Buckling length for beam hanging from rods 3

[novembertango88]

Hi all,
I have a beam hanging from rods as shown in the attached sketch.

What do I take for the buckling length?

The load is on the top compression flange so I'm considering it destabilizing, the compression flange has no lateral restraint and no torsional restraint. BS 5950-1 table 13 gives a value of 1.4*L(length)+2*D(depth).

Does this sound right?

Thanks, Nick

 

[dhengr]

BA: You took the words right out of my mouth. I must type to slow.

Novembertango88:
From the torsional loading and buckling standpoint, you would be better off if you loaded (supported) the channel beam in the plane of its shear center, which is on the backside of the channel web. The somewhat arbitrary 2.5% number has been around for a long time, and seemed to be a reasonable approx. number when we were designing to allowable stress stds. (allowable stresses based on yield strength of the material). That is a resisting force (bracing force) which seems to take care of (prevent) bucking of most compression elements. MIStructE_IREand… “if P represents the Lateral 2.5% force in the Compression flange required to cause buckling.,” is not a correct interpretation of that bracing force. And, that is particularly true and probably a low number when we are talking about taking the material plastic (beyond yield) in our designs. Of course, if you take a beam like this one beyond yield you will have formed a mechanism and be in trouble anyway. Another possibility for this problem might be to stand a rigid tension element (a sq. stl. tube, or some such) atop the channel flg., and weld it to the channel flg., or to the back of the channel. Extend this up a foot or so, and fix your threaded rod to the top of these tension members. These will impart some righting moments at the ends of the channel if it does try to roll.

 

[BAretired]

BA: You took the words right out of my mouth. I must type to slow.

Sorry dh, I hate when that happens.

Maybe I should have taken more time to read the OP. I missed the fact that the beam was a channel, so I showed an I beam.
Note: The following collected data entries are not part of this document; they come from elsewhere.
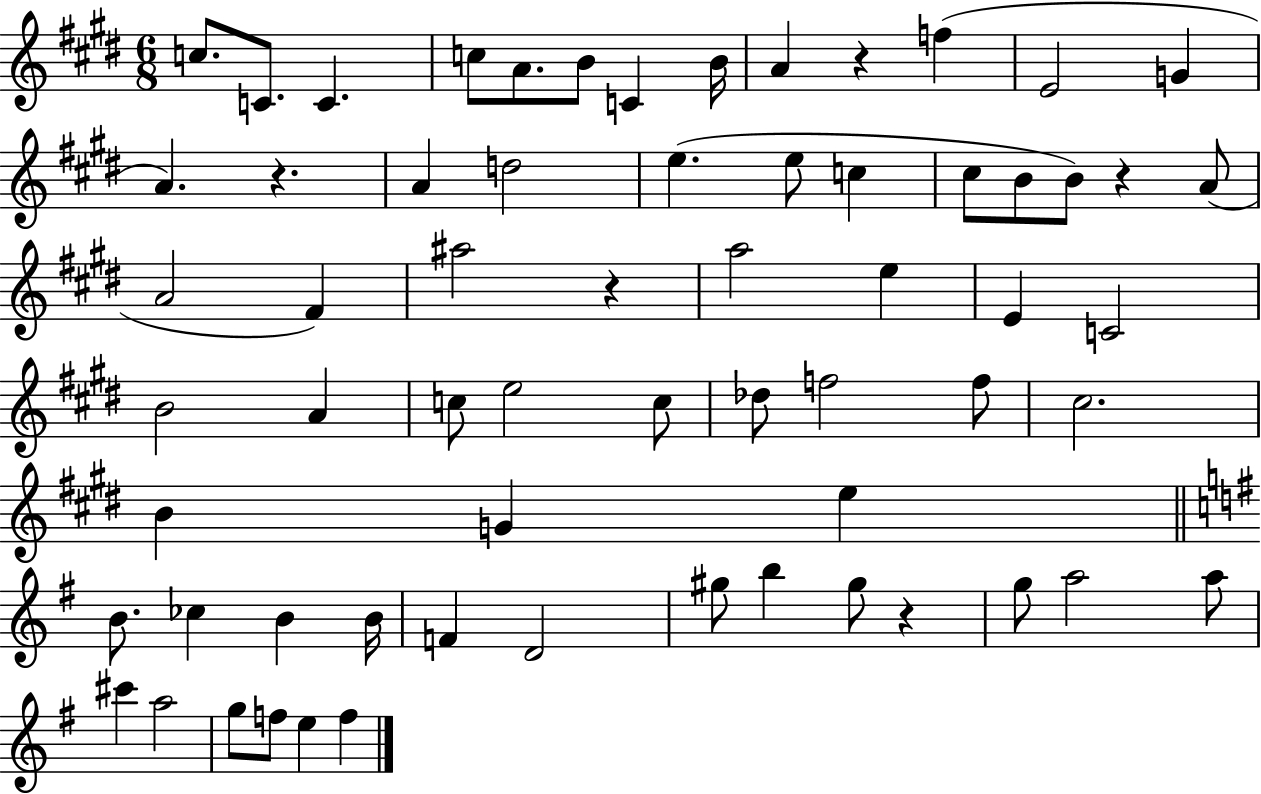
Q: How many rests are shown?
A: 5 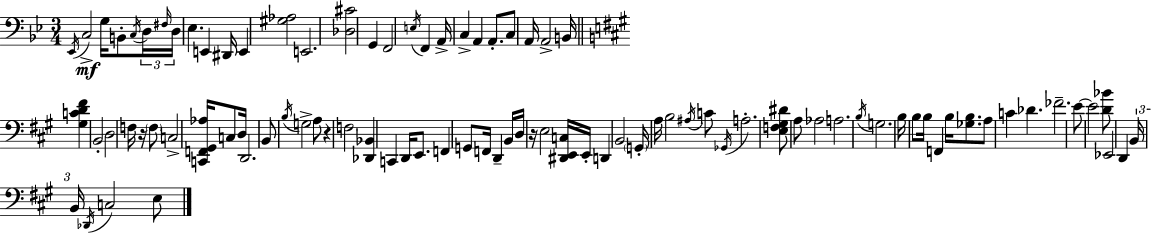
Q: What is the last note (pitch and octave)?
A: E3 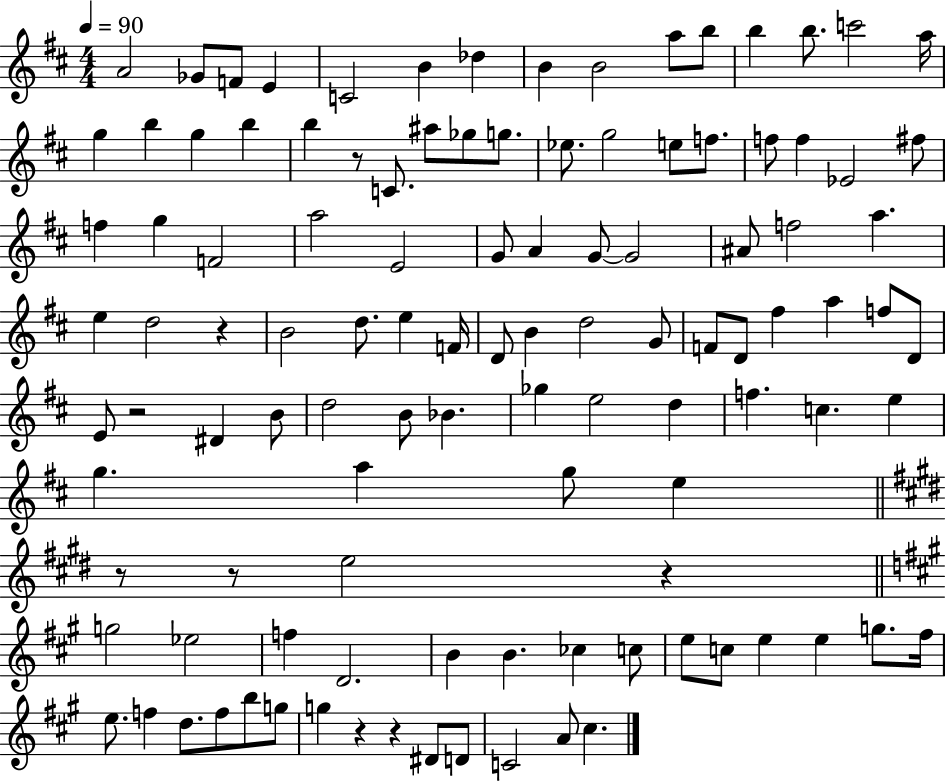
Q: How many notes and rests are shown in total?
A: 111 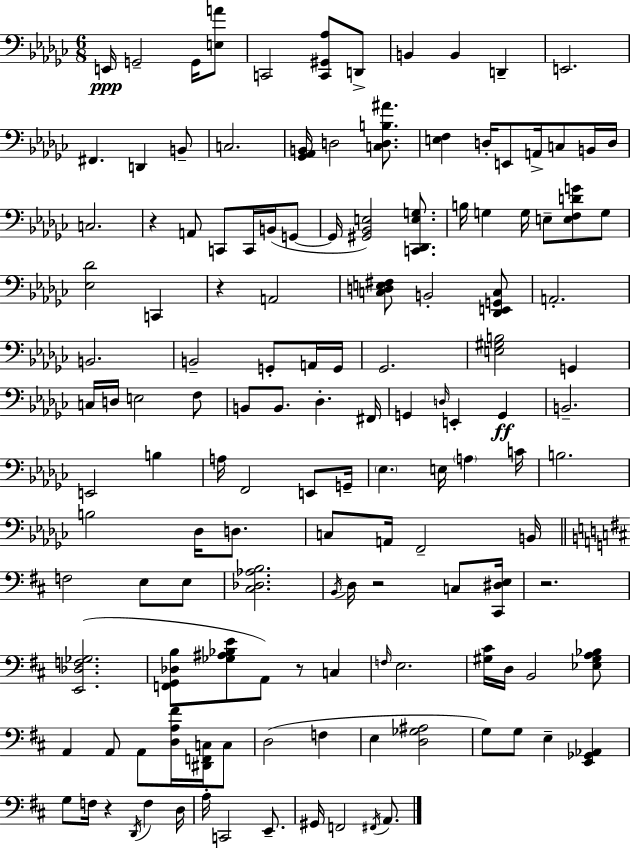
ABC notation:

X:1
T:Untitled
M:6/8
L:1/4
K:Ebm
E,,/4 G,,2 G,,/4 [E,A]/2 C,,2 [C,,^G,,_A,]/2 D,,/2 B,, B,, D,, E,,2 ^F,, D,, B,,/2 C,2 [_G,,_A,,B,,]/4 D,2 [C,D,B,^A]/2 [E,F,] D,/4 E,,/2 A,,/4 C,/2 B,,/4 D,/4 C,2 z A,,/2 C,,/2 C,,/4 B,,/4 G,,/2 G,,/4 [^G,,_B,,E,]2 [C,,_D,,E,G,]/2 B,/4 G, G,/4 E,/2 [E,F,DG]/2 G,/2 [_E,_D]2 C,, z A,,2 [C,D,E,^F,]/2 B,,2 [_D,,E,,G,,C,]/2 A,,2 B,,2 B,,2 G,,/2 A,,/4 G,,/4 _G,,2 [E,^G,B,]2 G,, C,/4 D,/4 E,2 F,/2 B,,/2 B,,/2 _D, ^F,,/4 G,, D,/4 E,, G,, B,,2 E,,2 B, A,/4 F,,2 E,,/2 G,,/4 _E, E,/4 A, C/4 B,2 B,2 _D,/4 D,/2 C,/2 A,,/4 F,,2 B,,/4 F,2 E,/2 E,/2 [^C,_D,_A,B,]2 B,,/4 D,/4 z2 C,/2 [^C,,^D,E,]/4 z2 [E,,_D,F,_G,]2 [F,,G,,_D,B,]/2 [_G,^A,_B,E]/2 A,,/2 z/2 C, F,/4 E,2 [^G,^C]/4 D,/4 B,,2 [_E,^G,A,_B,]/2 A,, A,,/2 A,,/2 [D,A,^F]/4 [^D,,F,,C,]/4 C,/2 D,2 F, E, [D,_G,^A,]2 G,/2 G,/2 E, [E,,_G,,_A,,] G,/2 F,/4 z D,,/4 F, D,/4 A,/4 C,,2 E,,/2 ^G,,/4 F,,2 ^F,,/4 A,,/2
With that in mind, I think the vertical member at each end should be an angle, attached to the back of the channel with the pin joint above the applied load and aligned over the shear centre of the channel.

Using a member better suited to LTB is not the answer if the hinge point is at or below the load. No matter how stiff the member, the configuration is unstable, so the beam can roll over.

BA

 

[WARose]

Suspending from a higher point would improve stability (see below). I think the beam could be considered torsionally braced.

It really depends on what height we are talking about (at least according to the research I cited above). According to the Dux paper, at least when the cable angle is 90 degrees, the height of attachment would have to be impractically high to get close to the simply supported buckling value.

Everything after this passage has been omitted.